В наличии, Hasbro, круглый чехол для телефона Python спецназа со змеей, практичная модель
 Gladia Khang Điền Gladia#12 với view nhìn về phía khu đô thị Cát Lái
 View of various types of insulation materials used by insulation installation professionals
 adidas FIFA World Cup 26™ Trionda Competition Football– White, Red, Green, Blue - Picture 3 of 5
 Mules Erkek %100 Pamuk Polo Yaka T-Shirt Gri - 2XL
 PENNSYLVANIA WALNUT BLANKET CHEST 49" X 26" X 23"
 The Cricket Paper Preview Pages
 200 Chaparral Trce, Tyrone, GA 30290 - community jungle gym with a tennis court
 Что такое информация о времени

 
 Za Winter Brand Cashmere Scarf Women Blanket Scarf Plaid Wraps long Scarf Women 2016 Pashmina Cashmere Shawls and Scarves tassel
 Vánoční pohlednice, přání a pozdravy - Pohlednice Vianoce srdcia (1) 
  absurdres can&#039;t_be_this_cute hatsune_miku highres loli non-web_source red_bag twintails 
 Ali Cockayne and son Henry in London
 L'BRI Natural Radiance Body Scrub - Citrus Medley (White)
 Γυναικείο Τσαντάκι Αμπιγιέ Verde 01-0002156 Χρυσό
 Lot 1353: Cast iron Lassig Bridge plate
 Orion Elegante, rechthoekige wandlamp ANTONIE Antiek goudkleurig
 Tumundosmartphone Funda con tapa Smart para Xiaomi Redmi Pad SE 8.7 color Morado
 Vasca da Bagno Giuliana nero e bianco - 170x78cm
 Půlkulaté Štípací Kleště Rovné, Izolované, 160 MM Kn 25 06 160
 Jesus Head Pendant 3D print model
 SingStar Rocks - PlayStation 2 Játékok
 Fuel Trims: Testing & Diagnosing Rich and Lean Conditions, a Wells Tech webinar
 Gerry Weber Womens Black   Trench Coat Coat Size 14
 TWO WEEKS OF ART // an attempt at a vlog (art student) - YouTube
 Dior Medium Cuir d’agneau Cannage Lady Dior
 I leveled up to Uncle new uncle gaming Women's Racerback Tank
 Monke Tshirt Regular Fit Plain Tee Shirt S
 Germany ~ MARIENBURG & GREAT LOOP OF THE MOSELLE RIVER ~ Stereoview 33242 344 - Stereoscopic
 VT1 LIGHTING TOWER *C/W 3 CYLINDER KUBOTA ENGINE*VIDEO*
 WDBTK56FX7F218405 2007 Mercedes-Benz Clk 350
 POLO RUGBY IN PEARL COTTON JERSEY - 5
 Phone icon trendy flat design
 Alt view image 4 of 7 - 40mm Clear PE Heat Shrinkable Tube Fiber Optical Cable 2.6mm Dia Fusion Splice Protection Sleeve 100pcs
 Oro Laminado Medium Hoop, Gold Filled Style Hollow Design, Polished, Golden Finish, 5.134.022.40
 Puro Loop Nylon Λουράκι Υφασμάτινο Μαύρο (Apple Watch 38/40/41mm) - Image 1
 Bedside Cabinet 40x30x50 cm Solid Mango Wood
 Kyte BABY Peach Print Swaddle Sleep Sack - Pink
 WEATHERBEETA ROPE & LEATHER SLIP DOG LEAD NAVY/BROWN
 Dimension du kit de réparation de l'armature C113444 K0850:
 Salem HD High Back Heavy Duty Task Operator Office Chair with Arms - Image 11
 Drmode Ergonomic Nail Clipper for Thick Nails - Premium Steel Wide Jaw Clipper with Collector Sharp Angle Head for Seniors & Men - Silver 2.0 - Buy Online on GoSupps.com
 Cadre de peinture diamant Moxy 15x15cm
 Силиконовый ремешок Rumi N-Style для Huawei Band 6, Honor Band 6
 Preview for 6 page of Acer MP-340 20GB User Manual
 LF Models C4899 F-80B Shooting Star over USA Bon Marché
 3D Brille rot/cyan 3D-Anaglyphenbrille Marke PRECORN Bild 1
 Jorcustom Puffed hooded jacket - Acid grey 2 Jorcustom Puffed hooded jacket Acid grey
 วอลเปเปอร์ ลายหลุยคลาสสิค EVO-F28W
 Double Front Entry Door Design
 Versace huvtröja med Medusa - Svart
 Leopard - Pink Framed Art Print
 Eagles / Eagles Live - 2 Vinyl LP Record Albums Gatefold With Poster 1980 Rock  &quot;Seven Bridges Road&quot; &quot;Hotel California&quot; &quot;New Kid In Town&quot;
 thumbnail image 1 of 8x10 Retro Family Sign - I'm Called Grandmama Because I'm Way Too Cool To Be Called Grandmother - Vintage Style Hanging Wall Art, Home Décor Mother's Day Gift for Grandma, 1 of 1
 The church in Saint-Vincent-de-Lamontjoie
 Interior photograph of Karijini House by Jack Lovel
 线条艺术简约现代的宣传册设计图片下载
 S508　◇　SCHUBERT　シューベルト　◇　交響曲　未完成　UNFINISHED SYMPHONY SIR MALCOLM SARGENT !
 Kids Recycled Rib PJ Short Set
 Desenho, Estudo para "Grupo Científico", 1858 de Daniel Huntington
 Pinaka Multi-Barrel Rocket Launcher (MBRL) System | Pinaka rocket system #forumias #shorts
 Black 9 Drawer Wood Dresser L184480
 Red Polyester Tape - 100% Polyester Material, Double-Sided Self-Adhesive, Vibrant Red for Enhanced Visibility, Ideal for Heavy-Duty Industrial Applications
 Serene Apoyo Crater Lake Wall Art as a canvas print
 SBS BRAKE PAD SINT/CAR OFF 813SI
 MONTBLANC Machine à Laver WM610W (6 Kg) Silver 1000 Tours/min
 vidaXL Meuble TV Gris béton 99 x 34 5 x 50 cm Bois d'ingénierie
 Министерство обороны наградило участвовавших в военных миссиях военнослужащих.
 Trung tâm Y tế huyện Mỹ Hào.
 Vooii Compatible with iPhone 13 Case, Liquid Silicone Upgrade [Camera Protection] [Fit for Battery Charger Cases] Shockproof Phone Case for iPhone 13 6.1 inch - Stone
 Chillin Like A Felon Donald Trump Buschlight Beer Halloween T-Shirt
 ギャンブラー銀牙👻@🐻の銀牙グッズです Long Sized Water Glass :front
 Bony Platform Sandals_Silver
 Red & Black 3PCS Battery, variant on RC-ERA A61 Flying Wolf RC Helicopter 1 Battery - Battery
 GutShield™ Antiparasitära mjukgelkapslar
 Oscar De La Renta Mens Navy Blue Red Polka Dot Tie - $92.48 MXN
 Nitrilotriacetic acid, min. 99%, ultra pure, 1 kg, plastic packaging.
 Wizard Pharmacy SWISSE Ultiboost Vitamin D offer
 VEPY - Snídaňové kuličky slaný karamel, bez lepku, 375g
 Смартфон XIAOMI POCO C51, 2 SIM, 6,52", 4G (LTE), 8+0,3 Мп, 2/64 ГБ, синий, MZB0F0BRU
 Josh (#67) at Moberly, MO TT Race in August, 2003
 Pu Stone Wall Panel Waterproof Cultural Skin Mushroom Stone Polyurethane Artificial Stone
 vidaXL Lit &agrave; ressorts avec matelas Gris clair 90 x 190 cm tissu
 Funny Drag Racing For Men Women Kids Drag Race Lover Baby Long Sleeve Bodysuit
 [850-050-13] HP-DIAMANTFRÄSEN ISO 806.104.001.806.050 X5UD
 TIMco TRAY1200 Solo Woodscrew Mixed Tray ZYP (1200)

===============

◆ **WORK REQUEST**:
Print exactly the lines above from the one with "Kids Recycled Rib PJ Short Set" to the one with "SBS BRAKE PAD SINT/CAR OFF 813SI", including both.

◆ **FINISHED TASK**:
 Kids Recycled Rib PJ Short Set
 Desenho, Estudo para "Grupo Científico", 1858 de Daniel Huntington
 Pinaka Multi-Barrel Rocket Launcher (MBRL) System | Pinaka rocket system #forumias #shorts
 Black 9 Drawer Wood Dresser L184480
 Red Polyester Tape - 100% Polyester Material, Double-Sided Self-Adhesive, Vibrant Red for Enhanced Visibility, Ideal for Heavy-Duty Industrial Applications
 Serene Apoyo Crater Lake Wall Art as a canvas print
 SBS BRAKE PAD SINT/CAR OFF 813SI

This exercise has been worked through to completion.